Thursday, July 12, 2007

lemons so sour

it's been almost a month since i last updated my blog. for the past weeks, i've been too busy focusing on my studies, hardly having any fun. college is slowly turning hell-ish as the days past. and still, for all the efforts i have done to catch up with my subjects and to get good grades, i still can't achieve the A i'm longing since the first day of school. my efforts are not enough. now im left doubtful, probably i am not good enough to stay here. the more load i get everyday, the more i doubt my capabilities and strengths.

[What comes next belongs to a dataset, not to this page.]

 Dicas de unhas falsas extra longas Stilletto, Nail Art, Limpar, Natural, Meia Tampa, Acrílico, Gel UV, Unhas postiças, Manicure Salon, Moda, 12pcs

last year, i have discovered my love for writing. i loved the rush of being given a topic to write about, to brainstorm my thoughts and to accomplish an essay. during then, i was so sure that i can be a writer. because of this i was inspired to continue writing even until college. i joined a magazine. i am not so sure if hell work or it was just me that kept myself from completing the requirements needed. it was only a week after the deadline was i able to pass my forms, half baked and rushed. my heart was not into the magazine. there was no excitement felt when i joined. i didnt feel any rush when i gathered the beat for my news article. instead, i felt it was some sort of obligation i just have to do. writing had been an obligation i would avoid as much as i can.



C+ was the highest score i got for an essay i wrote with my whole heart. it was the only grade i can have for a work i have stayed up late for, for an essay i have poured my emotions on. and somehow, i felt still not good enough. when is enough enough? how can one measure his goodness on something? are mind and heart not sufficient to succeed?



yesterday, while i was walking home from the Psyche GA and the failed Katipunan GA, my first year in high school flashbacked before me. similar to this year, i was not able to join any publication then. i was too focused on my academics and had forgotten my dream to write. i had to wait for three years before i can finally join bulik. i do not want to make the same mistake. i want to write with love. i don't want to stop writing. i want to continue the passion i once loved.



though my efforts are still not adequate, i will continue to strive. so what if i only get a C+, i will do better. so what if i would get heavier load once i become an official member of the magazine, i have been there, done that.



the lemons have grown bigger and more sour. so what?